Minggu, 04 Januari 2015

DAMPAK GLOBALISASI DI BIDANG SOSIAL & BUDAYA DAN CARA MEMBENTENGI DIRI TERHADAPNYA




Globalisasi di era modern ini, dirasa sangat kental. Ia masuk kesetiap bagian dalam suatu Negara, misalnya ekonomi, pendidikan, IPTEK, sosial budaya dan lain lain. Bahkan semua orang dapat merakan efek dan pengaruh yang dibawa Globalisasi. Pengaruh positif tentu sangat baik dan bisa diterima. Namun selain pengaruh positif, juga terdapat pengaruh negatif.

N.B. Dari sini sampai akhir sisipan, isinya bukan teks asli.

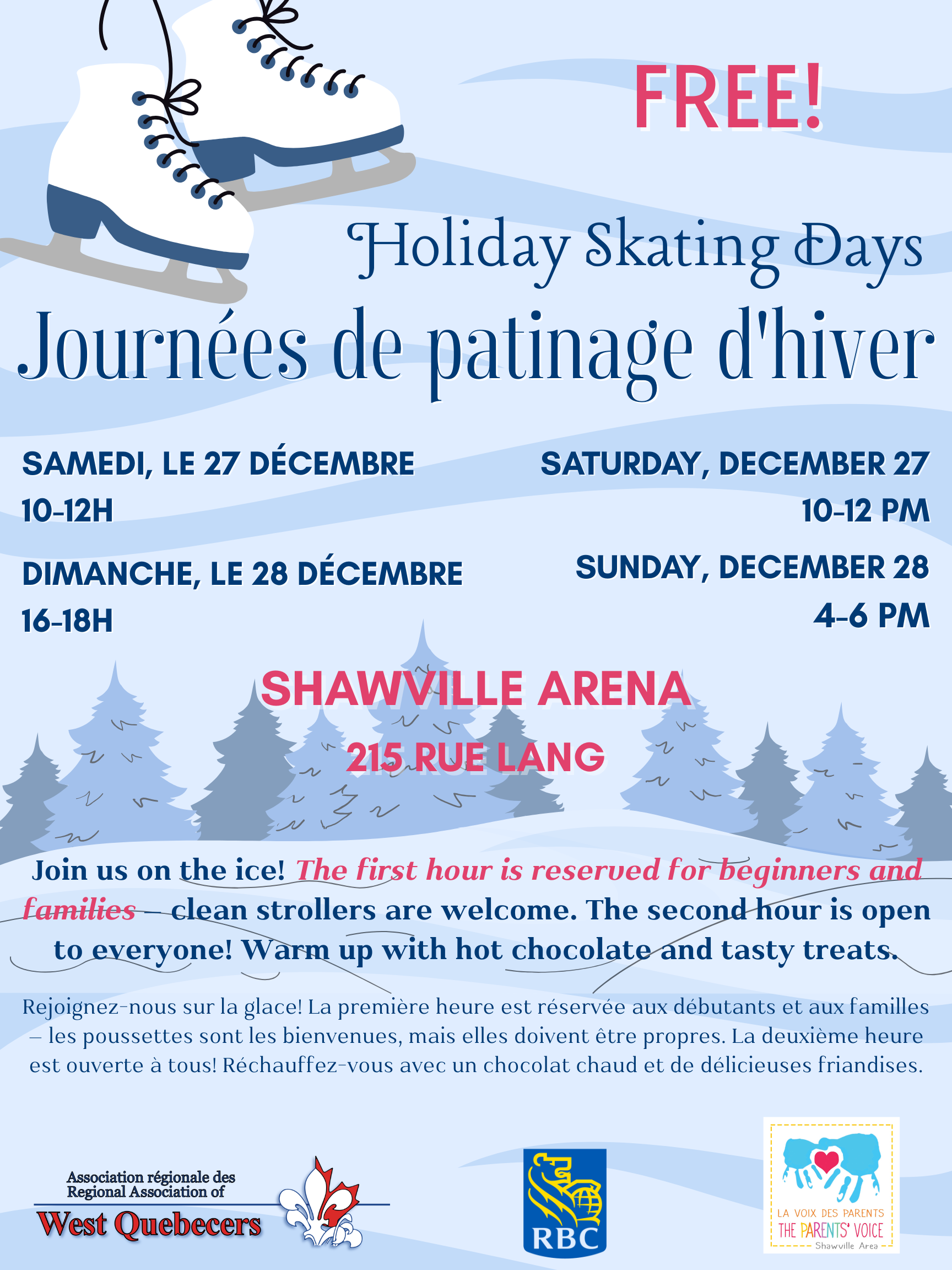 Journées de patinage d'hiver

Sebelum membahas dampak positik maupun negatif Globalisasi dalam bidang Sosial Budaya. Ada baiknya kita memahami dulu apa yang dimaksud dengan globalisasi.

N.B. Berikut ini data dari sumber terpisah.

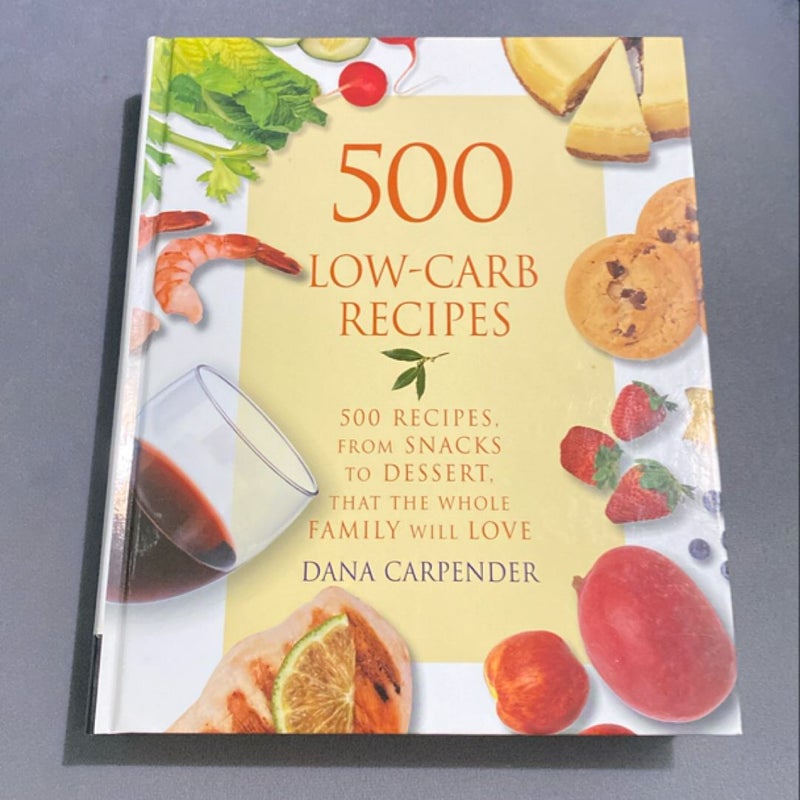 500 Low-Carb Recipes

A.    Pengertian Globalisasi
Globalisasi berasal dari kata globe yang berarti "dunia". Secara harfiah globalisasi bisa diartikan sebagai proses mendunia. Globalisasi dalam bidang Sosial Budaya merupakan proses sosialisasi & pertukaran budaya antar bangsa yang melintasi batas Negara.
Ada sebagian orang yang berpendapat bahwa globalisasi merupakan proses sosial, atau proses sejarah, atau proses alamiah yang akan membawa seluruh bangsa dan negara berada dalam ikatan yang semakin kuat  untuk mewujudkan sebuah tatanan kehidupan baru atau kita bisa mengatikan kesatuan ko-eksistensi yang nantinya akan menghapus batas-batas geografis, ekonomi dan budaya masyarakat. Pengertian ini didukung oleh pihak yang mendukung terjadinya sebuah evolusi sosial ekonomi dan budaya. Ada empat faktor pendukung munculnya globalisasi yaitu berkembang pesatnya teknologi, telekomunikasi, transportasi dan adanya integrasi ekonomi. Namun meski hanya empat faktor pendukung, dampak globalisasi merambat pada segala sektor yang ada

B.     Dampak Globalisasi Bidang Sosial Budaya

         1.      Dampak Negatif Globalisasi Bidang Sosial Budaya
Pengaruh Globalisasi bidang Sosial Budaya yang paling dapat kita rasakan adalah “Masuknya Budaya Barat” (westernisasi). Budaya barat sangat bertentangan dengan Bangsa Asia khusunya Indonesia yang dianggap Budaya Timur. Di era Globalisasi ini, dengan mudahnya Budaya Barat masuk  melalui media internet, tv, ataupun media cetak yang kemudian diserap oleh banyak anak-anak muda di Indonesia. Hal ini saling berkesinambungan dengan pengaruh buruk lainnya dari globalisasi.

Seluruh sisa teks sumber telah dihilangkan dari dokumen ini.